According to the latest data from the CDC, overdose deaths rose by 29% from 78,056 in the 12-month period ending in April 2019 to 100,306 in the subsequent 12 month period. This represents the highest 12-month total in American history. Although the increase has been mostly fueled by synthetic opioids such as fentanyls (which account for 75% of deaths), deaths from psychostimulants such as cocaine and methamphetamine are also rapidly increasing. The largest increases in deaths were observed in VT (70%), WV (62%), KY (55%), LA (52%) and TN (50%). According to researchers and public health officials, the combined effect of the COVID-19 pandemic and the overdose epidemic has further reduced the average life expectancy in the USA.

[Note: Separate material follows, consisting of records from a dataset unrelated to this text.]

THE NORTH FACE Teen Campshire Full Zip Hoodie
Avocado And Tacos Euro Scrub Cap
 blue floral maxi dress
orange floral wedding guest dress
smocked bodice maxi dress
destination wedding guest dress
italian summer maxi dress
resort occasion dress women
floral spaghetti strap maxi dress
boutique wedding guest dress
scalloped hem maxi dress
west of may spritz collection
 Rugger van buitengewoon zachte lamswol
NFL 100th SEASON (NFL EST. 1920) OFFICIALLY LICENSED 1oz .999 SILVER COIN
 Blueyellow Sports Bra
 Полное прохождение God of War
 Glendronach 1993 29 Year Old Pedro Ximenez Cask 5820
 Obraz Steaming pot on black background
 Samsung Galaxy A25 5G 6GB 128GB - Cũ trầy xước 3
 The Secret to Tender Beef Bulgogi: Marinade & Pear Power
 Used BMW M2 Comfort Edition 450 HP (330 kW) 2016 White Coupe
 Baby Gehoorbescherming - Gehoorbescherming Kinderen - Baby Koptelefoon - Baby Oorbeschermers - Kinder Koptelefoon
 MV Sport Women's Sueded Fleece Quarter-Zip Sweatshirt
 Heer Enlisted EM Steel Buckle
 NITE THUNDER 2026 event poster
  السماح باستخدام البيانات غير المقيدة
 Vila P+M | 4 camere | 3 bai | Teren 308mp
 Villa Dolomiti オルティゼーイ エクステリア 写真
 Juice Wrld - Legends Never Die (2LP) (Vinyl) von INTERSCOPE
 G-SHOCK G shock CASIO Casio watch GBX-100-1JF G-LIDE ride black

Drug Free America Foundation epidemiologist Dr. Sharif Mohr said, “This rise in overdose deaths, unprecedented in history, is the result of a perfect storm of stress and mental health issues arising from the pandemic, lack of access to treatment, and the availability of cheap and deadly synthetic drugs. But it would be a mistake to solely blame the pandemic for this issue. The opioid epidemic began long before the pandemic struck.”
Dr. Mohr went on to say, “We absolutely must provide treatment and life-saving medications to everyone that needs them. But we also need to look further upstream and do some real soul-searching as a nation. What is it about our society that leaves our population uniquely vulnerable to addiction and death from drug overdose? The answer seems clear: our political, economic, and educational systems, indeed our very way of life, is no longer conducive to the material, psychological, and spiritual well-being of most people. According to ongoing research, every year we are feeling more anxious, more depressed and more lonely, trends that also began decades ago.”